Using that info you can decide if it is worthwhile to add indexes or not.
Explain can also tell you if it is better to drop and index
EXPLAIN SELECT * FROM table1
WHERE indexedfield1 > indexedfield2
ORDER BY indexedfield3
If very little rows are selected, or MySQL decided to ignore the index (it does that from time to time) then you might as well drop the index, because it is slowing down your inserts but not speeding up your select's.
Then again it might also be that your select statement is not clever enough.

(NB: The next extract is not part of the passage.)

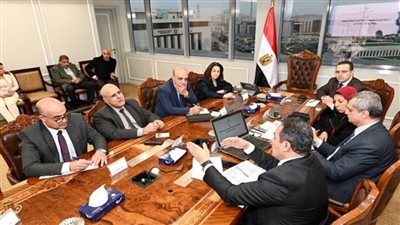 مسئولو الإسكان والوزارات المعنية يستعرضون خطة إنشاء التجمعات المتطورة بمطروح (صور)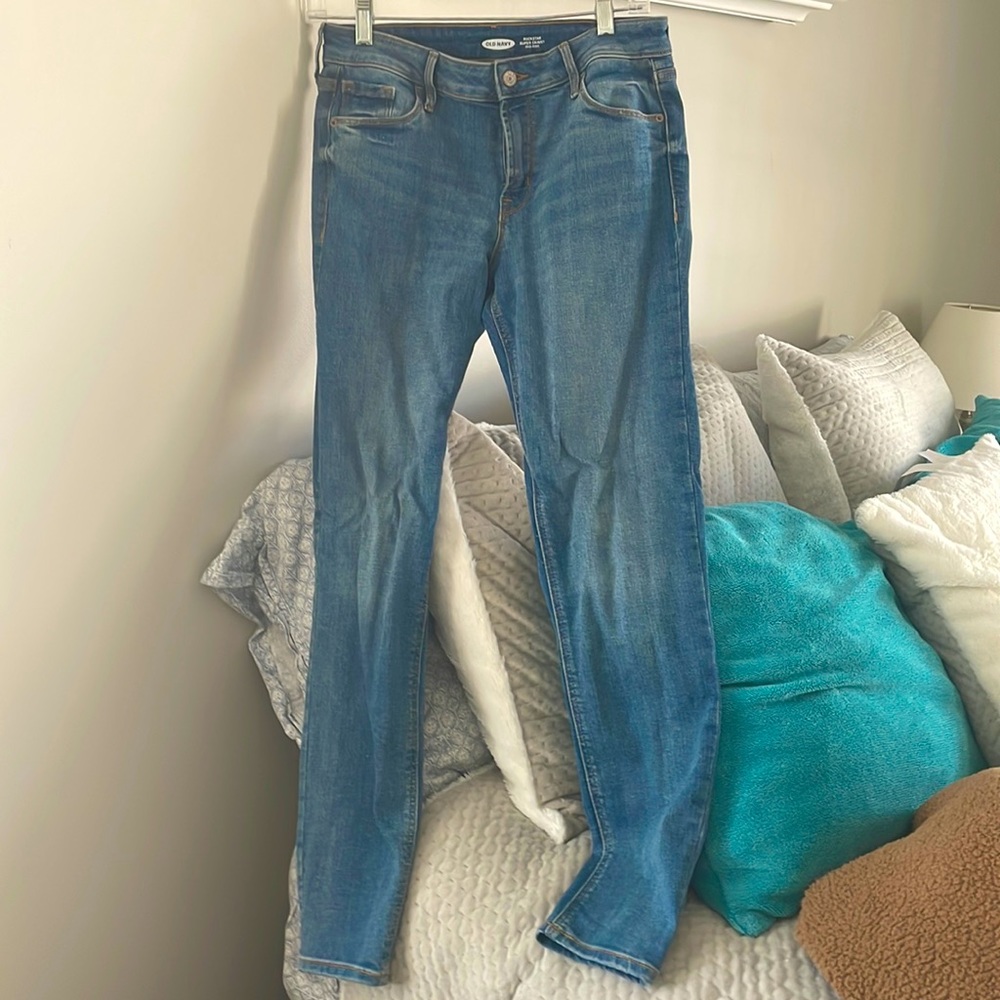 Never worn Old Navy jeans! Size 6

(Sorry for the complexity in the answer, I was trying to keep it simple, but failed).
Link:
MySQL indexes - what are the best practices?
Pros:
Faster lookup for results. This is all about reducing the # of Disk IO's. Instead of scanning the entire table for the results, you can reduce the number of disk IO's(page fetches) by using index structures such as B-Trees or Hash Indexes to get to your data faster.
Cons:
Slower writes(potentially). Not only do you have to write your data to your tables, but you also have to write to your indexes. This may cause the system to restructure the index structure(Hash Index, B-Tree etc), which can be very computationally expensive.
Takes up more disk space, naturally. You are storing more data.
The easiest way to think about an index is to think about a dictionary. It has words and it has definitions corresponding to those words. The dictionary has an index on "word" because when you go to a dictionary you want to look up a word quickly, then get its definition. A dictionary usually contains just one index - an index by word.
A database is analogous. When you have a bunch of data in the database, you will have certain ways that you want to get it out. Let's say you have a User table and you often look up a user by the FirstName column. Since this is an operation that you are doing often in your application, you should consider using an index on this column. That will create a structure in the database that is sorted, if you will, by that column, so that looking up something by first name is like looking up a word in a dictionary. If you didn't have this index you might need to look at ALL rows before you determine which ones have a specific FirstName. By adding an index, you have made this fast.
So why not put an index on all columns and make them all fast? Like everything, there is a trade off. Every time you insert a row into the table User, the database will need to perform its magic and sort everything on your indexed column. This can be expensive.
You don't have to have a primary key. Indexes (of any type) are used to speed up queries and, at least with the InnoDB engine, enforce foreign key constraints. Whether you use a unique or plain (non-unique) index depends on whether you want to allow duplicate values in the key.
This is a general database concept, you might use external resources to read about it, like http://beginner-sql-tutorial.com/sql-index.htm or http://en.wikipedia.org/wiki/Index_(database)
An index allows MySQL to find data quicker. You use them on columns that you'll be using in WHERE clauses. For example, if you have a column named score, and want to find everything with where score > 5, by default this means MySQL will need to scan through the WHOLE table to find those scores. However if you use a BTREE index, finding those that meet that condition will happen a LOT faster.
Indices have a price: disk and memory space. If it's a very big table, your index will grow rather large.
Think of it this way: what are the biggest benefits of having an index in a book? It's much the same thing. You have a slightly larger book, yet you're able to quickly look things up. When you create an index on a column, you're saying you want to be able to reference it in a where clause to look it up quickly.